-- Task details --
Copy exactly the lines from the one containing "Broyhill Mahogany color" through the last line of the records below, including both, and leave out any pictures.

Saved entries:
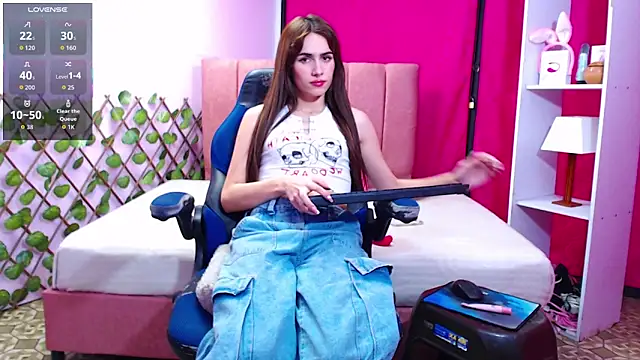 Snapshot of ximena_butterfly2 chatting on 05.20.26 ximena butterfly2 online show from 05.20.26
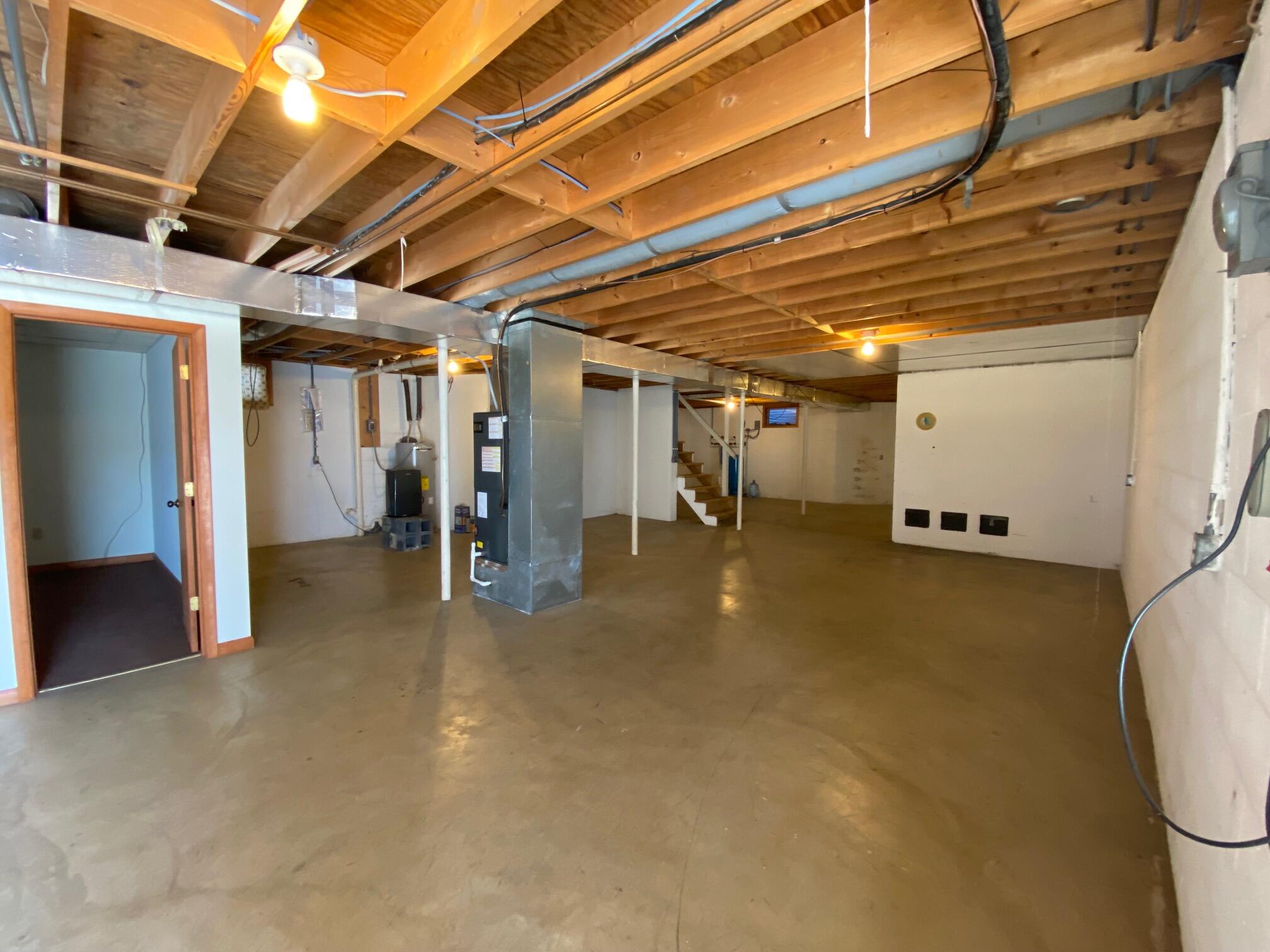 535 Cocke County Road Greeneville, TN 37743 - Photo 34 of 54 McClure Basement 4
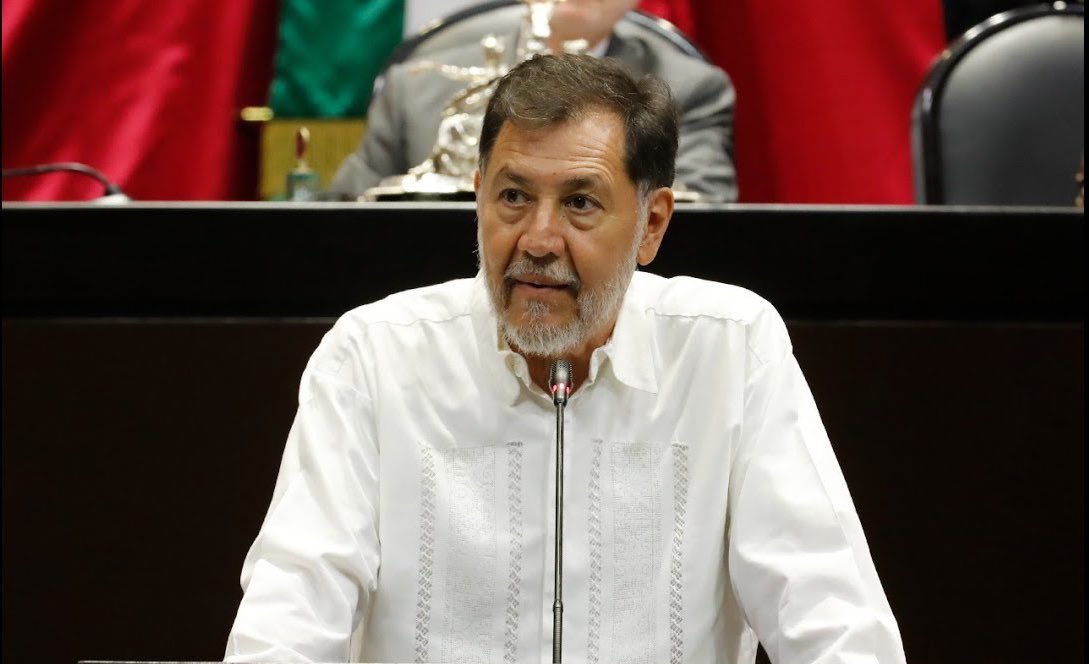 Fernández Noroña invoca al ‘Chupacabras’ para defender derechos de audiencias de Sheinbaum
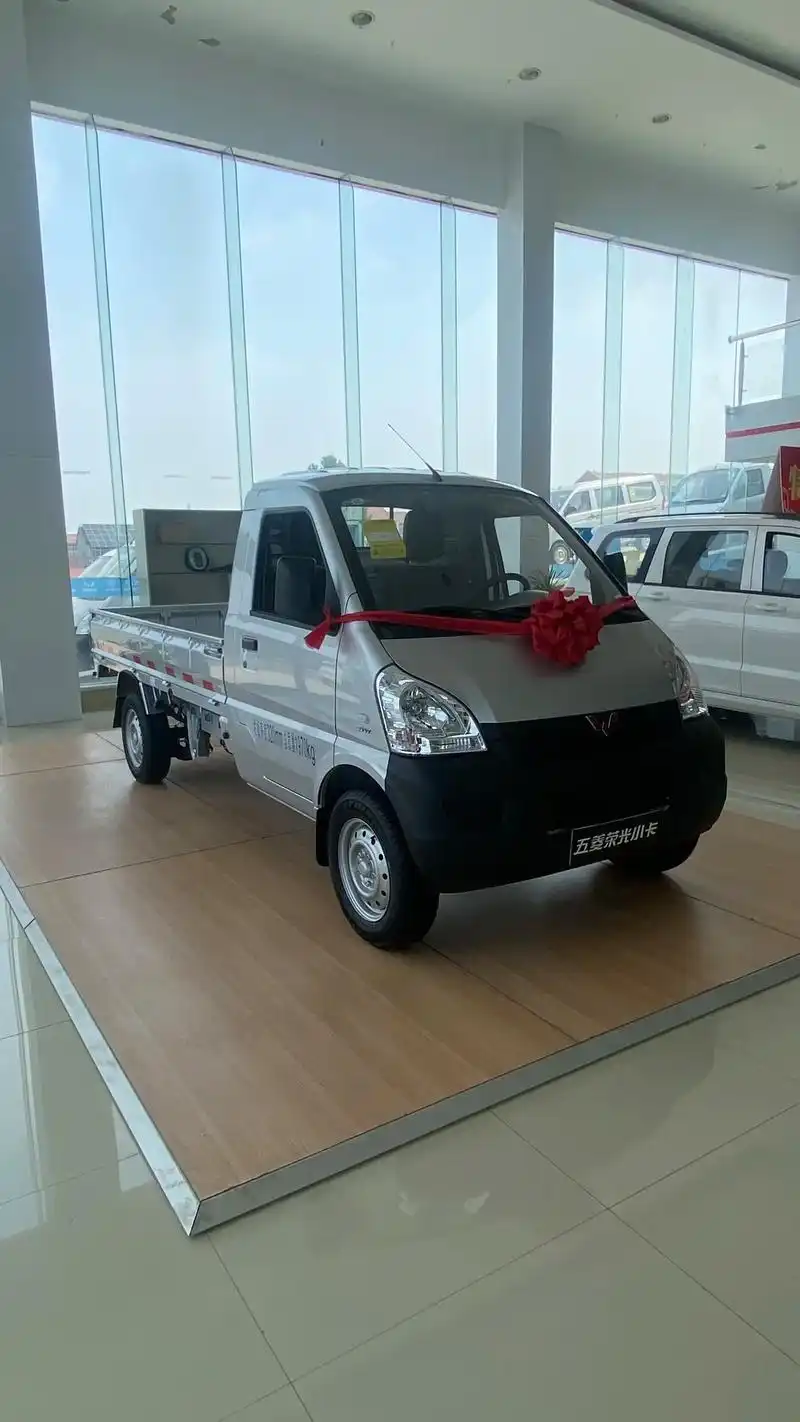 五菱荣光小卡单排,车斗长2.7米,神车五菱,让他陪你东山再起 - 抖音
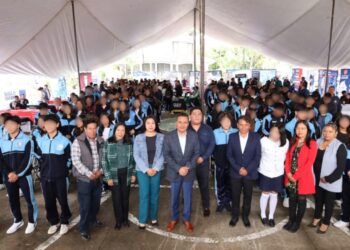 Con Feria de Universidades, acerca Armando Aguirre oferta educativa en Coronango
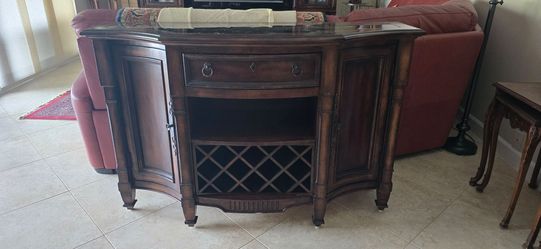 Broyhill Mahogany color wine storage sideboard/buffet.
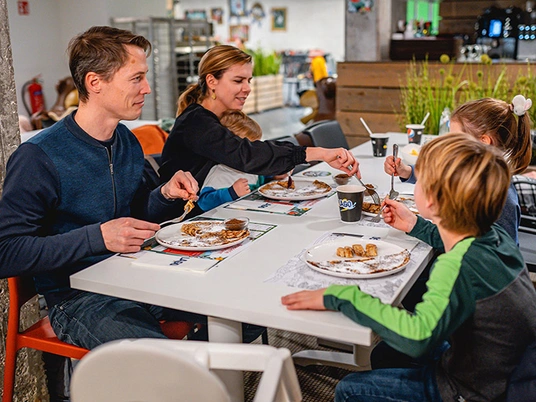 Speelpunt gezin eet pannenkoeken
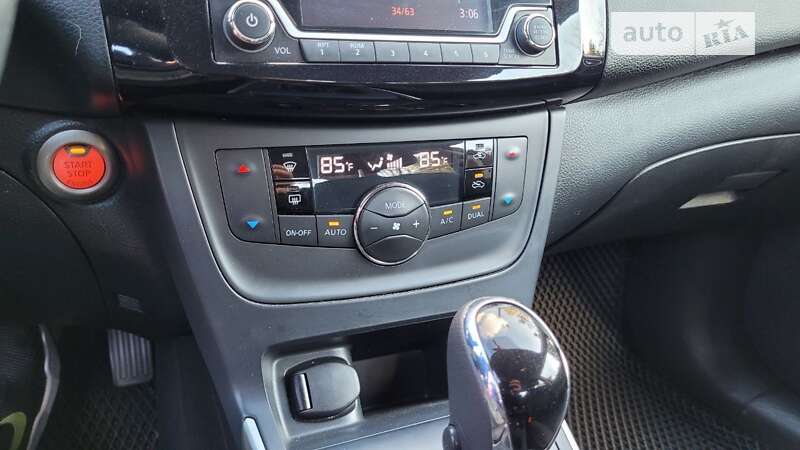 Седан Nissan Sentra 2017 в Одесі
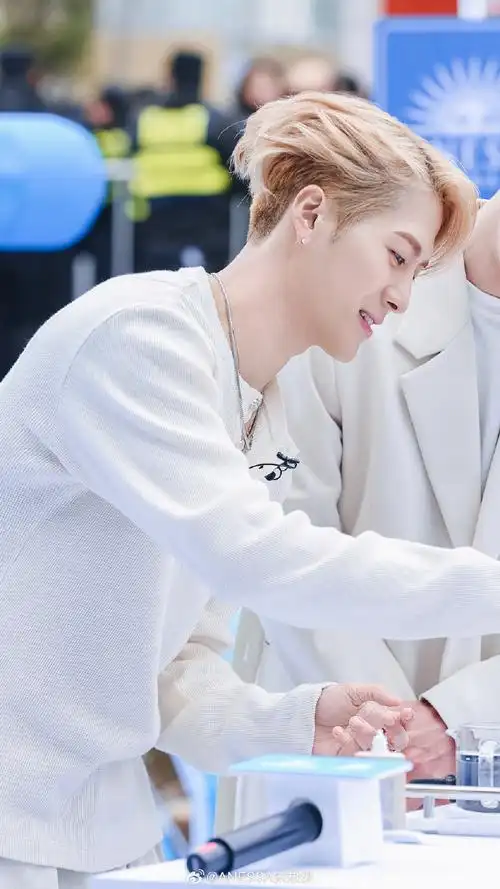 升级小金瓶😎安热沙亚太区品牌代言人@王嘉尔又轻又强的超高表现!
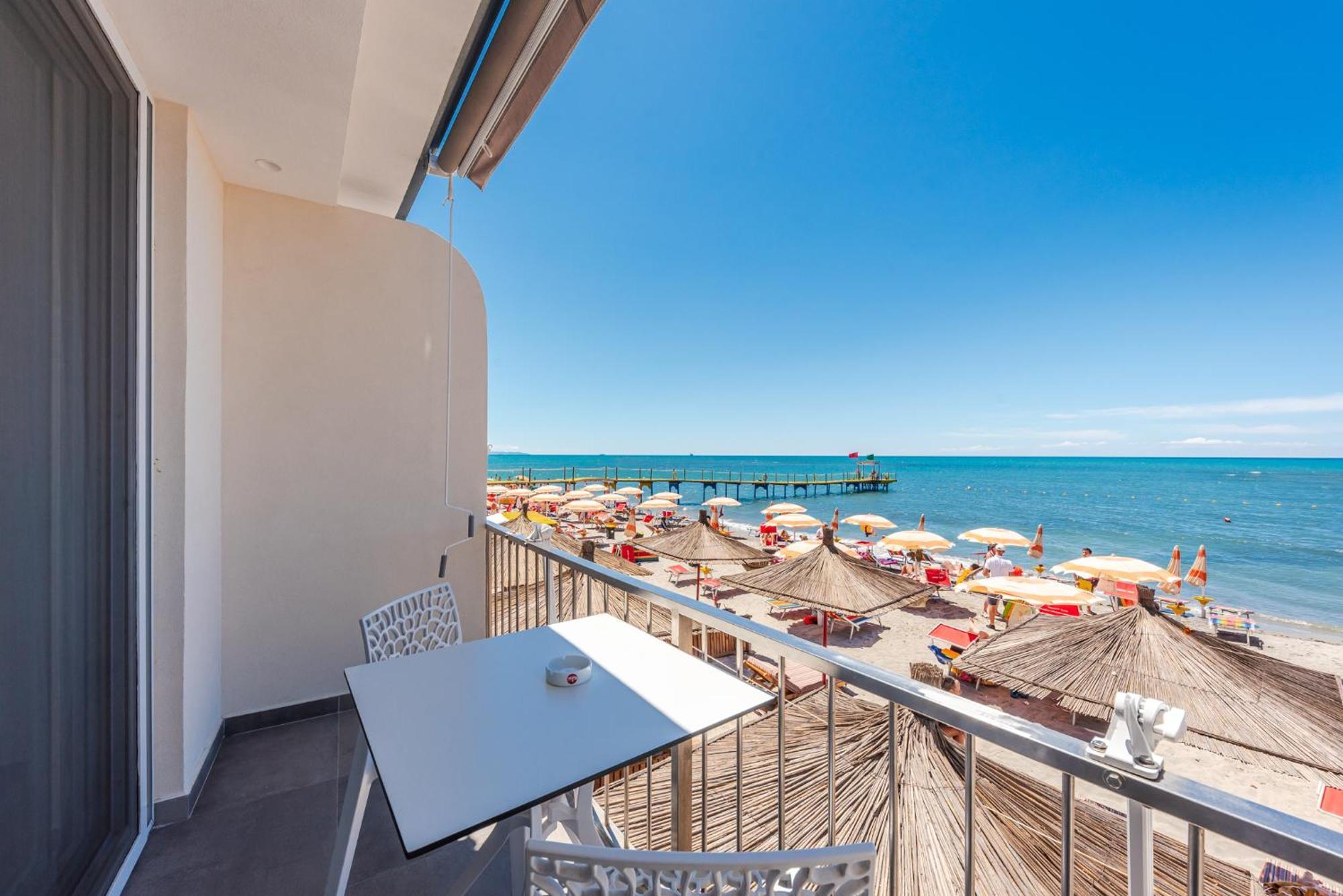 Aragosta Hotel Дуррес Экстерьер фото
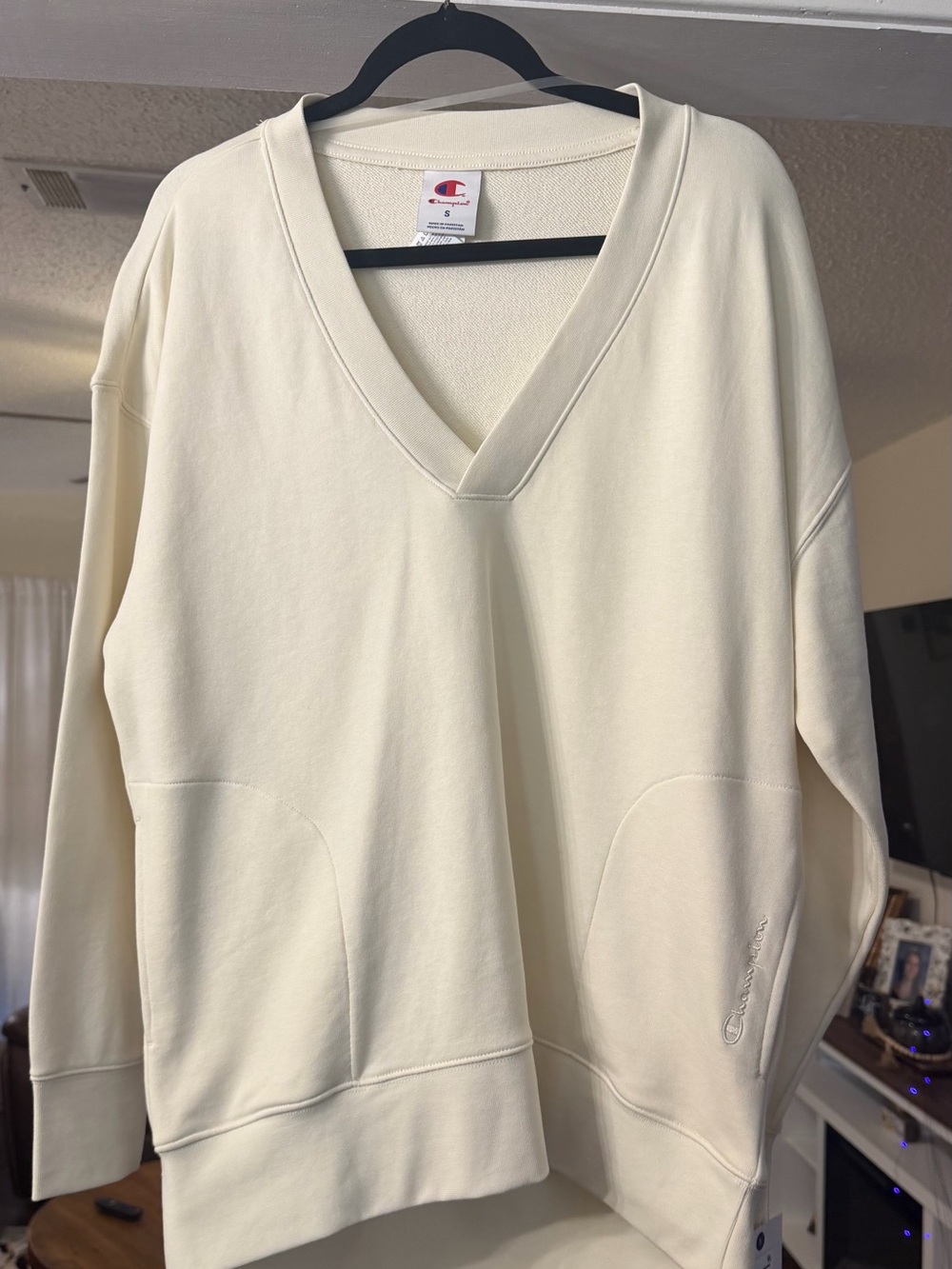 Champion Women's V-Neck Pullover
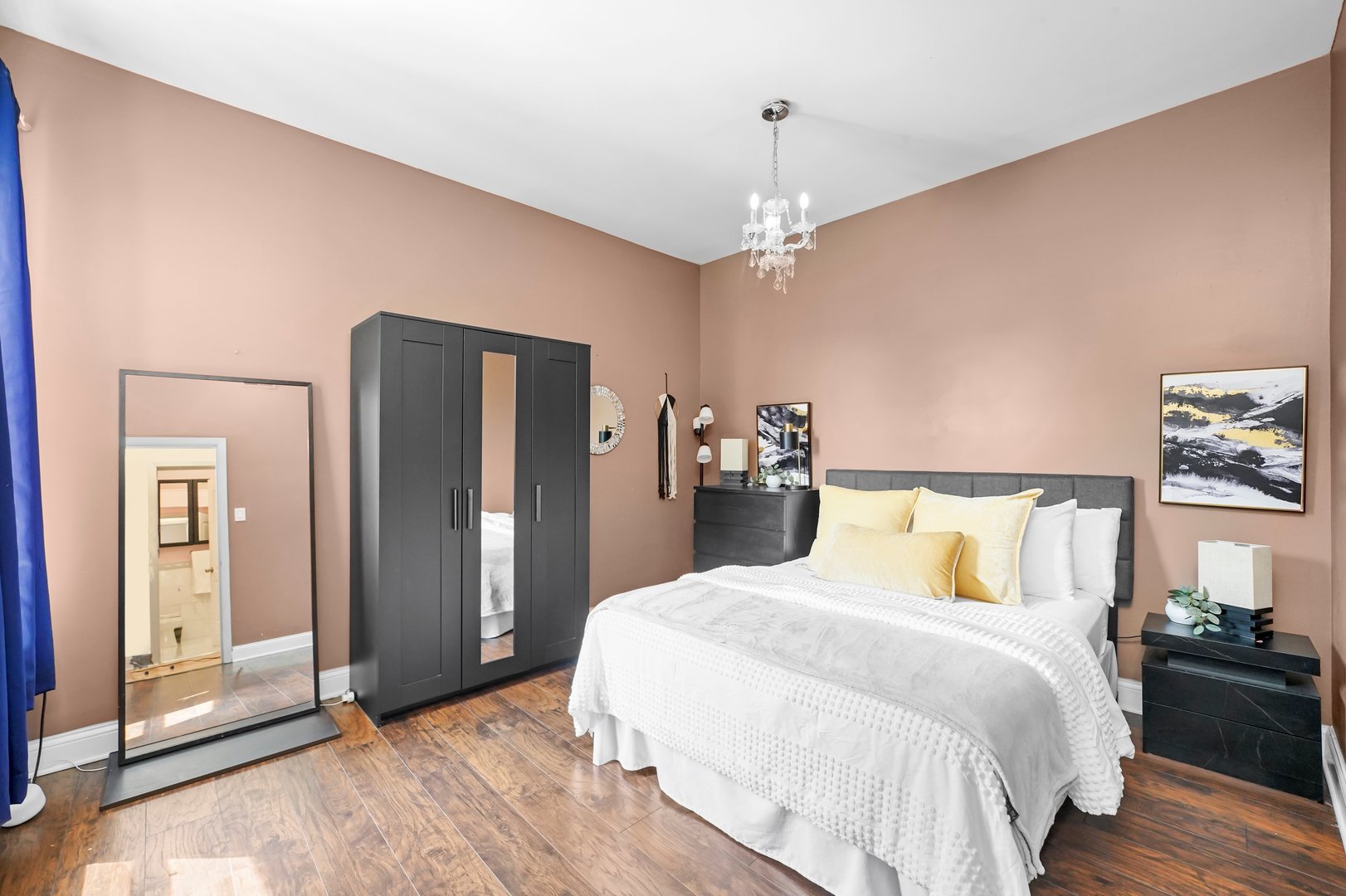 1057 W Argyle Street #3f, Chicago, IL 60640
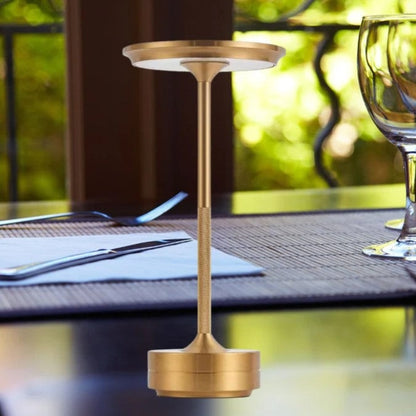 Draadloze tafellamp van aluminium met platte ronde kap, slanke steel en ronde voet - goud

-- Result of this task --
 Broyhill Mahogany color wine storage sideboard/buffet.
 Speelpunt gezin eet pannenkoeken
 Седан Nissan Sentra 2017 в Одесі
 升级小金瓶😎安热沙亚太区品牌代言人@王嘉尔又轻又强的超高表现!
 Aragosta Hotel Дуррес Экстерьер фото
 Champion Women's V-Neck Pullover
 1057 W Argyle Street #3f, Chicago, IL 60640
 Draadloze tafellamp van aluminium met platte ronde kap, slanke steel en ronde voet - goud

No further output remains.